Social Emotion Classification via Reader Perspective Weighted Model

Authors: Xin Li, Yanghui Rao, Yanjia Chen, Xuebo Liu, Huan Huang

AAAI 2016 | Conference PDF | Archive PDF | Plain Text | LLM Run Details

Reproducibility Variable Result LLM Response
Research Type Experimental Experimental evaluations using different data sets validate the effectiveness of the proposed social emotion classification model.

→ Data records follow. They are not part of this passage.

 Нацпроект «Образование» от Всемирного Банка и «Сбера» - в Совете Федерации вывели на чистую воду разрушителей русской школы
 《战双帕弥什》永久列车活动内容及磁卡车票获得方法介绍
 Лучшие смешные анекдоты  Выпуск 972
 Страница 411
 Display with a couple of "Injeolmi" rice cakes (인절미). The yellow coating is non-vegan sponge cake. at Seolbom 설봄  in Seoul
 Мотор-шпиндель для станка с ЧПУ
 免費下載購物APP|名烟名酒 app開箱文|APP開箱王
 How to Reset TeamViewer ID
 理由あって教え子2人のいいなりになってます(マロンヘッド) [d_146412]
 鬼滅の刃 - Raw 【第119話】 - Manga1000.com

Researcher Affiliation Academia Xin Li, Yanghui Rao , Yanjia Chen, Xuebo Liu, Huan Huang School of Mobile Information Engineering, Sun Yat-sen University Zhuhai Campus, Tang Jia Bay, Zhu Hai, Guang Dong, China
Pseudocode No The paper provides mathematical formulas and descriptions of the model but does not include pseudocode or clearly labeled algorithm blocks.
Open Source Code No The paper does not provide any statements about releasing source code or links to a code repository.

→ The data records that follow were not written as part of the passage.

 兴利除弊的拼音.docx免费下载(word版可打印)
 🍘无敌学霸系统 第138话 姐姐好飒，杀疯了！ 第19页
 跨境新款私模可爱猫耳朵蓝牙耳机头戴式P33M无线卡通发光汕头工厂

Open Datasets Yes To evaluate the effectiveness and adaptiveness on the proposed model, two data sets were employed: Sem Eval (Strapparava and Mihalcea 2007) and Sina News (Rao et al. 2014c).
Dataset Splits Yes The first data set contained 1250 real-world news headlines, and each headline was manually scored across 6 emotions. After pruning 4 items with the total scores equal to 0, we used the 246 headlines in the development set for training and the rest for testing. The second data set consisted of 4570 documents from Sina news, and reader ratings over 8 emotions. Due to that adjacent documents may have similar contexts, the 2342 documents published from January to February, 2012 were used for training, and the 2228 documents published from March to April, 2012 were used for testing.
Hardware Specification No The paper does not provide any specific details about the hardware used for running the experiments.
Software Dependencies No The paper states 'All parameters were set empirically.' but does not list any specific software dependencies with version numbers.
Experiment Setup No The paper states 'All parameters were set empirically.' but does not provide specific hyperparameter values or detailed training configurations for the experimental setup.